Using the instructions from the comprehensive guide, we apply tfmot.sparsity.keras.prune_low_magnitude function with parameters that target on-device acceleration via pruning i.e. tfmot.sparsity.keras.PruneForLatencyOnXNNPack policy.

prune_low_magnitude = tfmot.sparsity.keras.prune_low_magnitude

# Compute end step to finish pruning after after 5 epochs.
end_epoch = 5

num_iterations_per_epoch = len(ds_train)
end_step =  num_iterations_per_epoch * end_epoch

# Define parameters for pruning.
pruning_params = {
      'pruning_schedule': tfmot.sparsity.keras.PolynomialDecay(initial_sparsity=0.25,
                                                               final_sparsity=0.75,
                                                               begin_step=0,
                                                               end_step=end_step),
      'pruning_policy': tfmot.sparsity.keras.PruneForLatencyOnXNNPack()
}

# Try to apply pruning wrapper with pruning policy parameter.
try:
  model_for_pruning = prune_low_magnitude(dense_model, **pruning_params)
except ValueError as e:
  print(e)
Could not find a `GlobalAveragePooling2D` layer with `keepdims = True` in all output branches

The call prune_low_magnitude results in ValueError with the message Could not find a GlobalAveragePooling2D layer with keepdims = True in all output branches.
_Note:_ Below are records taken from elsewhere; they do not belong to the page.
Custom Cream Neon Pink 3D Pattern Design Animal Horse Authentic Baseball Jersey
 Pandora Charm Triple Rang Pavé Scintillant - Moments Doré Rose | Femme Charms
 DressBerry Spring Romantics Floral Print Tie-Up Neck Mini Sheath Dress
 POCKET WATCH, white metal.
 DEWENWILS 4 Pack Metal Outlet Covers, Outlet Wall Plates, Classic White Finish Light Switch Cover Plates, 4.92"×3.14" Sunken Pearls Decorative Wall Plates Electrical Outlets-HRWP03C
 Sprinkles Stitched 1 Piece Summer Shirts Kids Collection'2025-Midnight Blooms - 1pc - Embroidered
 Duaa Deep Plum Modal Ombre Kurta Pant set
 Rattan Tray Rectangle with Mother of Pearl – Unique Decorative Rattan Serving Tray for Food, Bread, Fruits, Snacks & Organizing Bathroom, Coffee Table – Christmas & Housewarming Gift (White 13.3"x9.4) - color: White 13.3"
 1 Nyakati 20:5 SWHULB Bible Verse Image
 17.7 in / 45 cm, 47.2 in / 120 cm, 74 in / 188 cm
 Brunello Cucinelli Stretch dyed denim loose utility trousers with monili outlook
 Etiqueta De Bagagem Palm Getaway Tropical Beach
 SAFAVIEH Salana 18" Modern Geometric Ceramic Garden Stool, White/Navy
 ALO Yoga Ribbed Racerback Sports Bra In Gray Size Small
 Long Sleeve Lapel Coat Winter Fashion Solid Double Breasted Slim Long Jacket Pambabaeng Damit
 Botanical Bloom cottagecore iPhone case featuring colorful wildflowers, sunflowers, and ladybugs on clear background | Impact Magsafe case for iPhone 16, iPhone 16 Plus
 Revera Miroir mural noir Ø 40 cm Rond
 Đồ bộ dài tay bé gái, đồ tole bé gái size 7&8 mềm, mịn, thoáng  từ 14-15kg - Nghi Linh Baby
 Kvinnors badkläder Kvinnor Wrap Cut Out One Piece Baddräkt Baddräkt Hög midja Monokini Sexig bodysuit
The message indicates that the model isn't supported for pruning with policy tfmot.sparsity.keras.PruneForLatencyOnXNNPack and specifically the layer GlobalAveragePooling2D requires the parameter keepdims = True. Let's fix that and reapply prune_low_magnitude function.

fixed_dense_model = keras.Sequential([
    keras.layers.InputLayer(input_shape=(32, 32, 3)),
    keras.layers.ZeroPadding2D(padding=1),
    keras.layers.Conv2D(
        filters=8,
        kernel_size=(3, 3),
        strides=(2, 2),
        padding='valid'),
    keras.layers.BatchNormalization(),
    keras.layers.ReLU(),
    keras.layers.DepthwiseConv2D(kernel_size=(3, 3), padding='same'),
    keras.layers.BatchNormalization(),
    keras.layers.ReLU(),
    keras.layers.Conv2D(filters=16, kernel_size=(1, 1)),
    keras.layers.BatchNormalization(),
    keras.layers.ReLU(),
    keras.layers.ZeroPadding2D(padding=1),
    keras.layers.DepthwiseConv2D(
        kernel_size=(3, 3), strides=(2, 2), padding='valid'),
    keras.layers.BatchNormalization(),
    keras.layers.ReLU(),
    keras.layers.Conv2D(filters=32, kernel_size=(1, 1)),
    keras.layers.BatchNormalization(),
    keras.layers.ReLU(),
    keras.layers.GlobalAveragePooling2D(keepdims=True),
    keras.layers.Flatten(),
    keras.layers.Dense(10)
])

# Use the pretrained model for pruning instead of training from scratch.
fixed_dense_model.set_weights(dense_model.get_weights())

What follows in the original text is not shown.